Na 1.ª instância a acção foi julgada improcedente, com a consequente absolvição da Ré dos pedidos.
O Autor interpôs recurso de apelação, no qual, além de impugnar o sentido da decisão quanto ao fundo da causa, arguiu a nulidade da sentença por omissão de pronúncia, alegando não ter sido notificado da decisão proferida sobre a matéria de facto e a violação do disposto nos n.os 2, 4 e 5 do artigo 653.º do Código de Processo Civil (CPC).
O Tribunal da Relação de Coimbra considerou não padecer a sentença do vício de omissão de pronúncia e entendeu que, a existir nulidade, decorrente da irregularidade invocada, ela estaria sanada, por extemporaneidade de arguição, uma vez que não foi suscitada no prazo de 10 dias, e negou provimento ao recurso 2. Mantendo o seu inconformismo, vem o Autor pedir revista, terminando a respectiva alegação com as conclusões que se transcrevem: 1 - A decisão proferida pelo Tribunal a quo é recorrível, o Recorrente tem legitimidade para interpor recurso, o qual mostra-se interposto tempestivamente e a taxa de justiça inicial está auto-liquidada; 2 - O Acórdão impugnado ao não julgar a decisão proferida pelo Tribunal do Trabalho de Coimbra nula por omissão de pronúncia nos termos do disposto no art. 668.º, n.º 1 do C.P.C., alínea d), primeira parte e art. 653.º, n.os 2, 4 e 5, do C.P.C., uma vez que a decisão sobre a matéria de facto não foi notificada ao A, o qual não prescindiu de nenhum dos direitos previstos no art. 653.º, n.º 4 do C.P.C., violou o disposto nos arts. 77.º, n.º 1 e 80.º, n.º 2 do C.P.T.

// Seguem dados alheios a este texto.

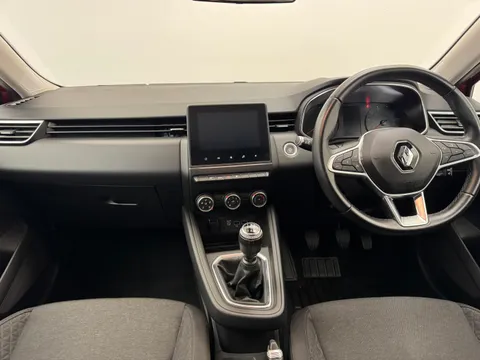 SG70OUN Renault Clio 1.0 TCe 100 Iconic 5dr Thumbnail #11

3 - O Acórdão recorrido ao decidir que o A. tinha dez dias para arguir a nulidade da decisão proferida pela 1.ª Instância, violou o disposto nos arts. 77.º, n.º 1 e 80.º, n.º 2 do C.P.T., os quais estipulam que a nulidade da sentença, havendo recurso de apelação, deve ser arguida no requerimento de recurso, o qual pode ser apresentado em juízo em vinte dias.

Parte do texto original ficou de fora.